Barely a block from the new Vista, a 75-room addition is planned for the Holiday Inn at Thomas Circle. Also discussing an addition is the Fairfax Hotel at 2100 Massachusetts Ave. NW.
The biggest of the new inns will be a group of downtown hotels catering to the convention and visitor markets: the 800-room J. Willard Marriott facing Pennsylvania Avenue between the National Theatre and National Press Building; another 800-room hotel to be built on the block north of Woodward & Lothrop by Quadrangle Development Corp.; a 600-room property that a group of minority developers plans to build atop the Gallery Place subway station; a 500-plus-room Hilton planned near the convention center by Watergate builder Giuseppe Cecchi.
Construction of hotels adjacent to the convention center -- between 9th and 11th Streets, H Street and New York Avenue -- is being encouraged by the District government.

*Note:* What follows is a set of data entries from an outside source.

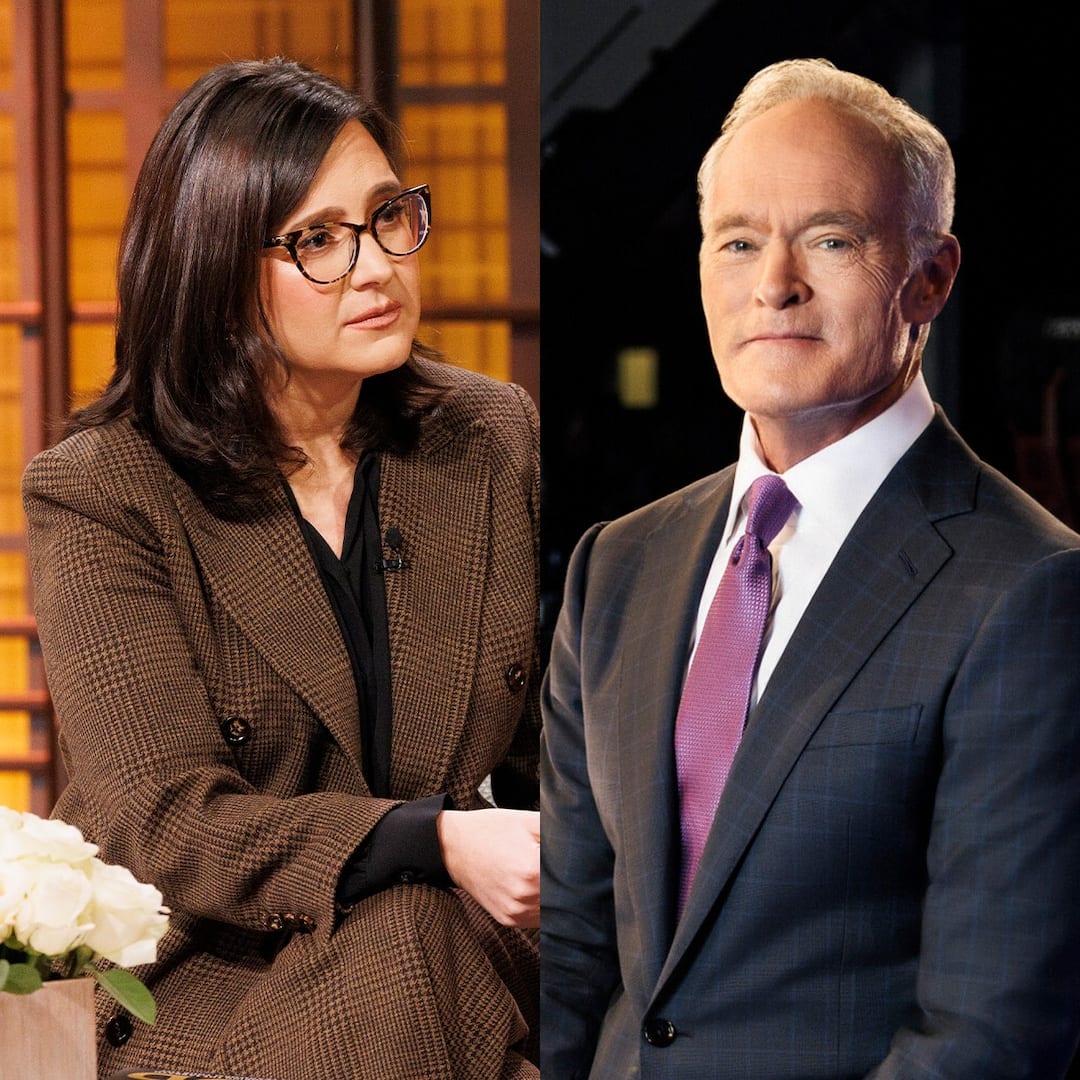 Scott Pelley Says Bari Weiss Is 'Murdering' 60 Minutes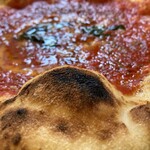 Pizzeria Remo - マリナーラのコルニチョーネ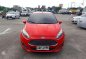 Ford Fiesta 2014 AT 1.5 Engine Red For Sale -0
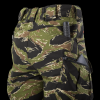 HELIKON kraťasy UTS® 11” PolyCotton Stretch Ripstop – Tiger Stripe (Velikost S)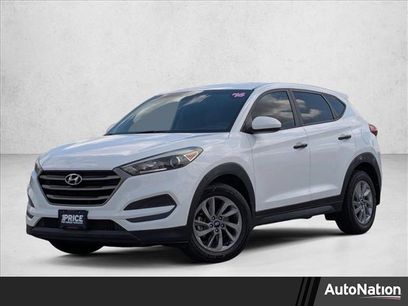 Used 2016 Hyundai Tucson SE
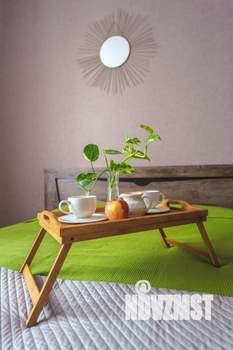 1-к квартира, посуточно, 50м2, 1/1 этаж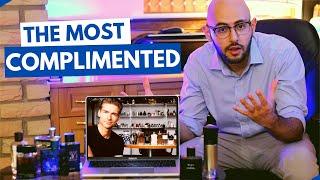 Top 10 Most Complimented Fragrances according to Jeremy Fragrance | Men's Fragrance Reviews 2021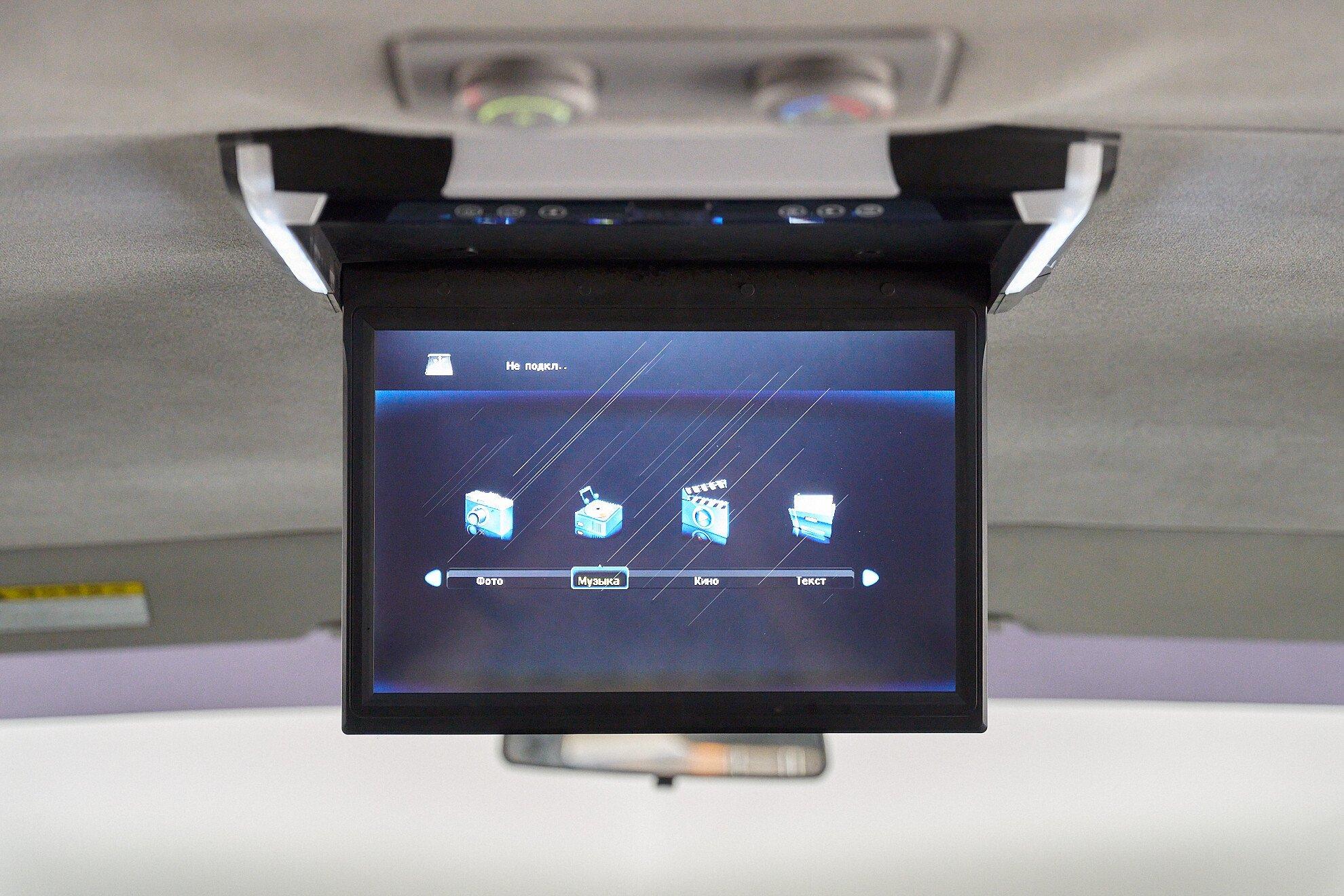 Hyundai Grand Starex 2010, черный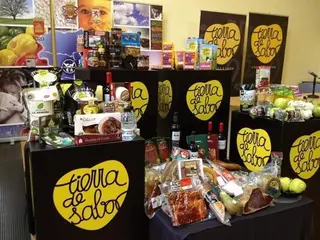 Tierra de Sabor estará presente en las tres ferias agroalimentarias más importantes del país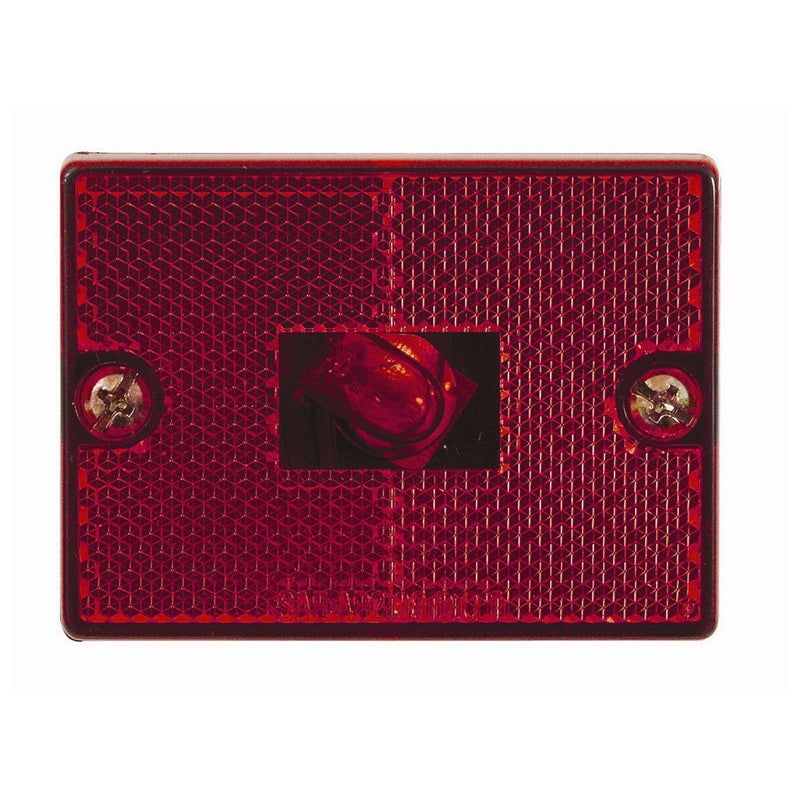TRAILER CLEARANCE LITE STUD/MNT RED MPN-MC36RS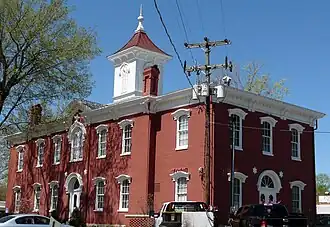 Comté de Moore (Tennessee)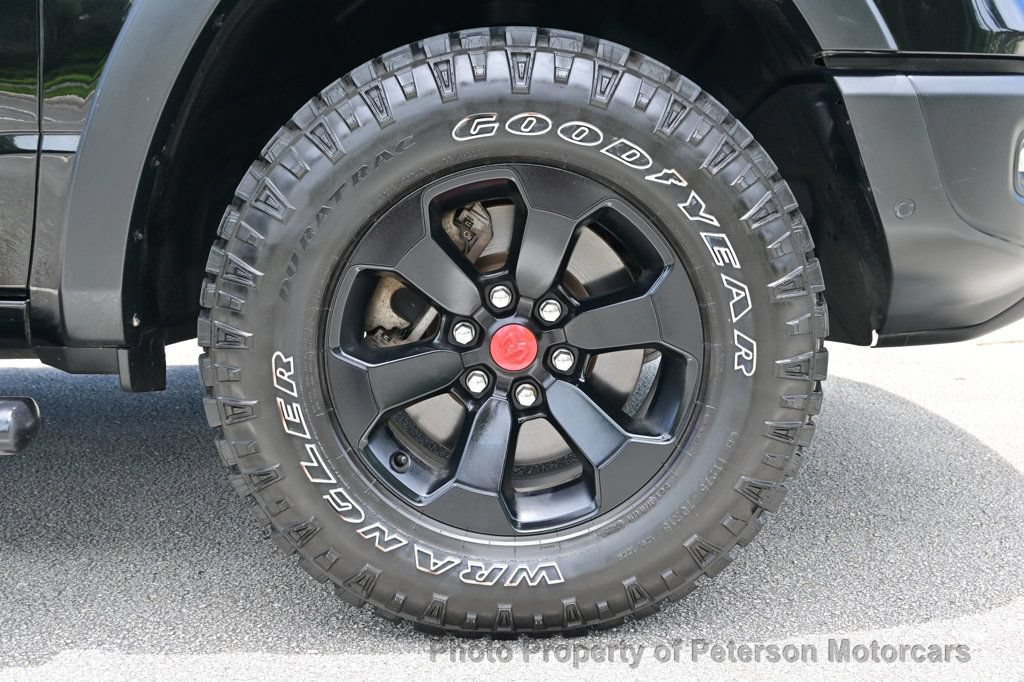 Used 2021 RAM 1500 Rebel w/ Rebel Level 2 Equipment Group AWD/4WD image 47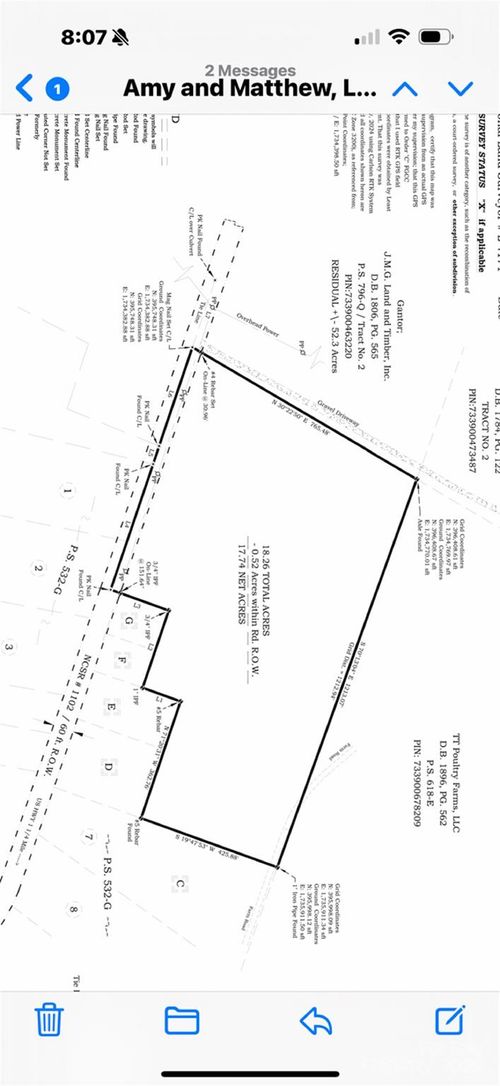 00 Horseshoe Rd, Rockingham, NC, 28379 | Card Image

A special "hotel incentive zone" in effect lets developers build hotels with two more floors than an office building on the same site.
The incentive zone stretches along Massachusetts Avenue from a half block east of Thomas Circle almost to Union Station.
Though the effectiveness of the zoning incentives has been questioned by some developers, the bonuses encouraged a Dutch developer, Kalian N.V., to plan a 300-room hotel to be called the Inns of Court at Fifth Street and Massachusetts.
City Planning Director John Fondersmith said the District "is very interested in getting a critical mass of hotels" in that neighborhood where the Hyatt, Quality Inn and Bellvue are now. "If you can get another 500 or 1,000 rooms in that area, you'll have enough."
A couple of thousand hotel rooms in that neighborhood northwest of the Capitol, Fondersmith explained, would put people on streets that are now largely deserted after 5 p.m. and on weekends. Restaurants, shopping and a more diversified neighborhood ought to follow.
That planning philosophy is also behind city efforts to attract hotels to the convention-center area. "Hotels there serve the convention center and they plug into the downtown retail core. You get support for the retail shopping that you may not get if hotels are built in other areas," he said.
District planning regulations count hotels as "residential" property in mixed-use developments, which also benefit from zoning incentives. The spin-off benefits of hotel construction include sales taxes the city collects from guest expenditures as well as the District's hotel-room tax.
Hotels also provide more job opportunities for low-income District residents than office buildings, the city planners argue, citing the need for cooks, maids and maintenance workers.
Putting up a hotel instead of an office building can also be economically attractive to developers, said hotel consultant Mosser. "A developer in Washington can put up an office building with a certain degree of assurance and predictability of profit," he explained. "With a hotel you may have to wait a little longer, and the risks are greater, but so is the payoff."